WHAT YOU NEED TO DO
Take nothing but the lines from the one with "Cato Tiger Stripe" through the one with "15826 NW 91st" in the entries below, both ends kept, and return them exactly with pictures left out.

SOURCE INFORMATION
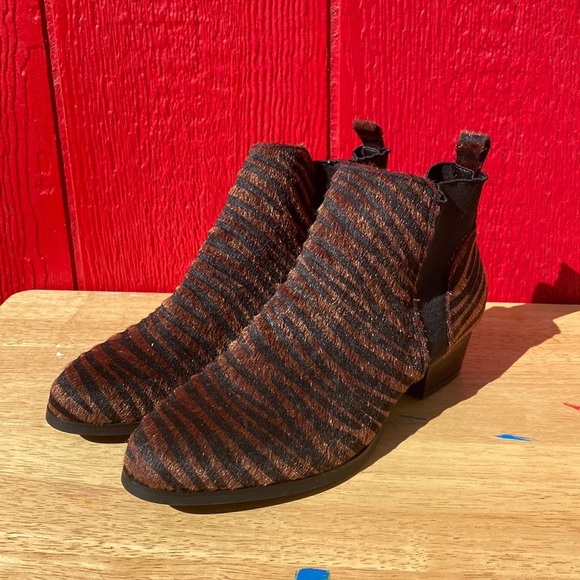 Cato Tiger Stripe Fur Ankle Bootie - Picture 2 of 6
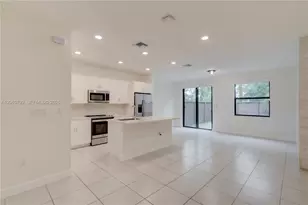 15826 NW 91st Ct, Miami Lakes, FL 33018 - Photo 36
...
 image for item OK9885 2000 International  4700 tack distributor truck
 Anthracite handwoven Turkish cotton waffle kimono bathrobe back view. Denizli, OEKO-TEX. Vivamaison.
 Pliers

THE ANSWER
 Cato Tiger Stripe Fur Ankle Bootie - Picture 2 of 6
 15826 NW 91st Ct, Miami Lakes, FL 33018 - Photo 36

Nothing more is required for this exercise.